# What is being asked
For the material below, reproduce exactly each line from the one that has "Vincent GILLOT - VGA" through the one that has "Carina Witthöft 187", and no others; pictures stay out.

# The data
►

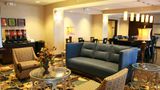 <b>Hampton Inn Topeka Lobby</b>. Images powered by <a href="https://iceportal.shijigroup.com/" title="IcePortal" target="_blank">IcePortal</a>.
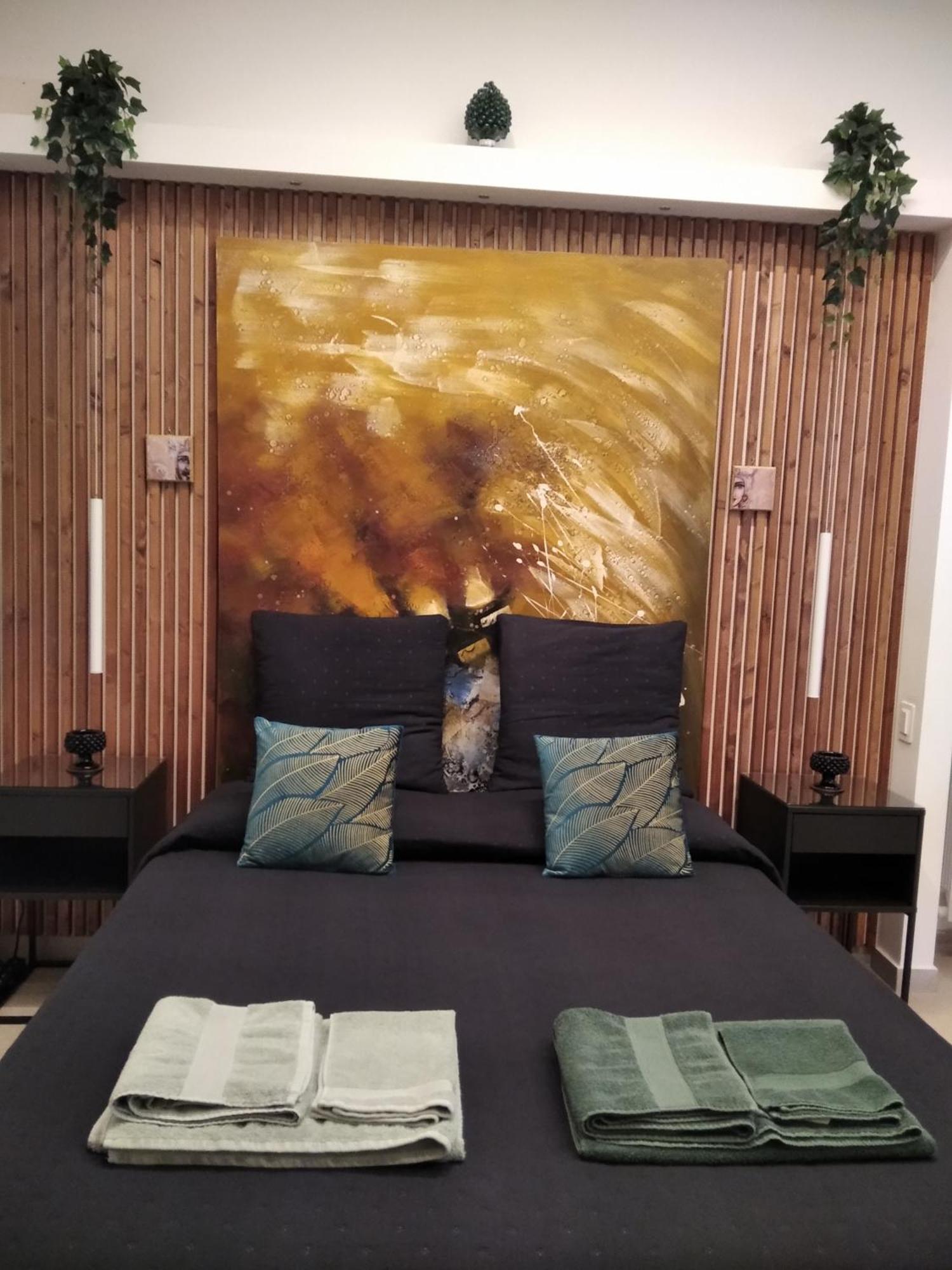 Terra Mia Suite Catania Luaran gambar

◄
►

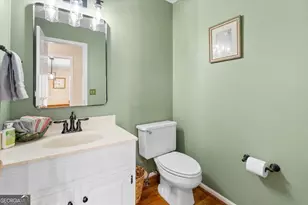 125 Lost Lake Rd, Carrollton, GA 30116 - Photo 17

◄
►

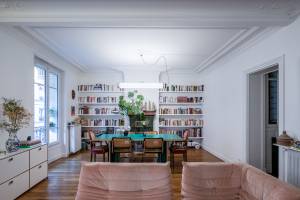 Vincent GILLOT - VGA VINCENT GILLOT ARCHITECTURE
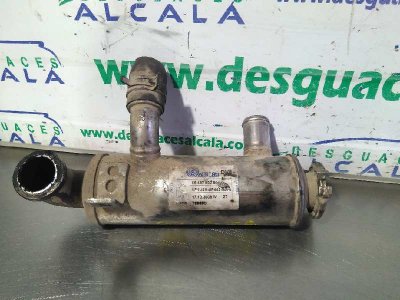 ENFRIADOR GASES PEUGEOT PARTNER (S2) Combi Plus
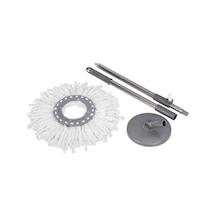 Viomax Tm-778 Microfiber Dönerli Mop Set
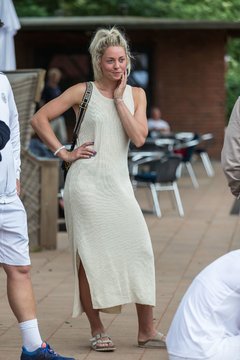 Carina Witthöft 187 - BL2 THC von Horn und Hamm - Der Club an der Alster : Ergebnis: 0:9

◄

# Answer for the task
 Vincent GILLOT - VGA VINCENT GILLOT ARCHITECTURE
 ENFRIADOR GASES PEUGEOT PARTNER (S2) Combi Plus
 Viomax Tm-778 Microfiber Dönerli Mop Set
 Carina Witthöft 187 - BL2 THC von Horn und Hamm - Der Club an der Alster : Ergebnis: 0:9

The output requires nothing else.